There is a detailed workflow to calculate the Climate Indicators (CI) provided in the Climate Information Portal.  Many quality controls are completed throughout the production workflow to ensure that the indicators are of high quality.

The chart in the figure below describes the different steps in the workflow and highlights (in orange) the quality control procedures. Each procedure is adapted to the dataset it is applied to (to account for different variables, ranges and more), and can be repeated throughout the workflow. Essential Climate Variables (ECV) from Global Climate Models (GCM) are downloaded from the Earth System Grid Federation (ESGF), the largest archive of climate data world-wide.

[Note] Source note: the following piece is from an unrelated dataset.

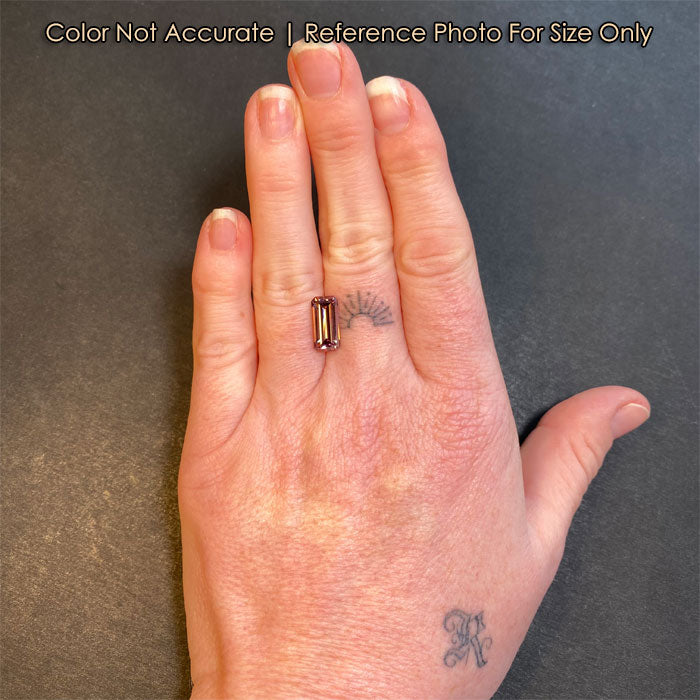pink emerald cut zircon on a hand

ESGF has already some standards which the climate community follows in order for the output of the climate models to be available to the scientific community. 

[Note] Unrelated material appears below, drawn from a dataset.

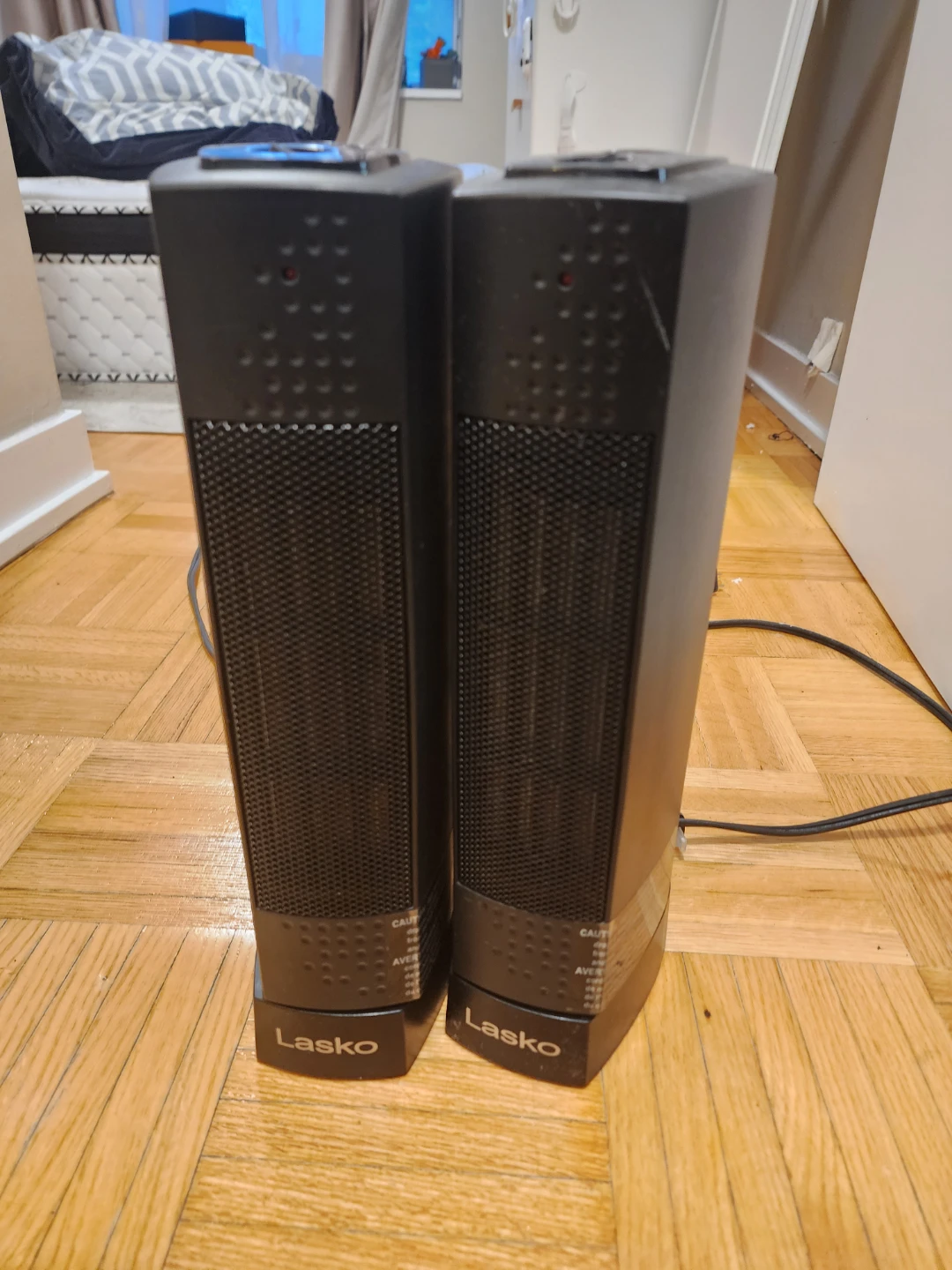 Two Lasko black tower heaters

CMIP6 Quality control procedure
Different steps in the workflow when producing climate indicators.

Types of quality control procedures

The following types of quality control procedures are included in the orange boxes in the above figure:

File format checks/pre- and post-processing

The file format checking procedure is performed after pre-processing and postprocessing (steps 1,3,4 in figure above). It ensures that the files are in the right format. The following checks are made and corrected if necessary:
  • Data gaps/overlapping periods or missing values. The check ensures that the data is without gaps and does not have overlapping periods or missing values. Cases when a part of the time series was missing (e.g. a missing 5-year time-slice file) led to exclusion of the projection from the ensemble.
  • Units appropriate for each indicator; e.g. the climate model temperature unit is in general Kelvin (K), and values are then converted to Celsius (ºC).
  • Data dimensions: Check that all data comes on the same grid and has the same number of time steps.
  • Time calendar definition: Check that all data has been converted to the same calendar.
  • The metadata relevant to the CI production is checked to be complete, correct and follow the metadata standards. All files are edited to make metadata homogeneous.

Data pre-processing

Data pre-processing quality procedures are completed in step 1 (1 in the figure). This step is needed to make sure all datasets are in a format that can be handled within the production of the indicators. All files must be in the same format to be comparable. The following actions are the main steps in this quality control procedure:
  • Converting calendar to standard time reference
  • For bias-adjusted data: remapping data to HydroGFD3.2 grid with 0.25 degrees spatial resolution
  • For non-adjusted data: remapping data to a grid with 2.0 degrees spatial resolution

Range check on Essential Climate Variable (ECV) data

All ECV climate scenario data (time series of both raw and bias adjusted data) are tested against a variable-specific range in step 1,3 and 4 (see figure above). It ensures that the data do not have unrealistic values. Scenarios with data outside the range are flagged for further investigation. If a dataset has too many values outside the expected range, it can be excluded from the workflow based on expert judgement.

Evaluation of bias adjustment

Statistics for climatological periods such as mean, median, minimum, maximum values over the full ensemble are calculated for every grid point (step 2 in figure above). Experts inspect the bias adjustment performance, check for outliers in the data, and climate change signal modification. If a projection shows large deviations from non-adjusted data and/or the rest of the ensemble, it is inspected in more detail. In severe cases, this could lead to an exclusion of the projection from the ensemble.

Evaluation of climate indicators

Quality checks for climate impact indicators, both non-adjusted and bias-adjusted CI are done in steps 5 and 6 in figure.

  • Metadata and filenames are checked to follow the pre-defined CI-specifications.
  • Unreliable data is masked out, e.g. in regions where relative changes of precipitation become unreliably large due to very low values in the reference period.
  • CI data is evaluated against CIs derived from reference data and compared to all other projections. If any projection shows large deviations, the data is inspected in more detail by experts.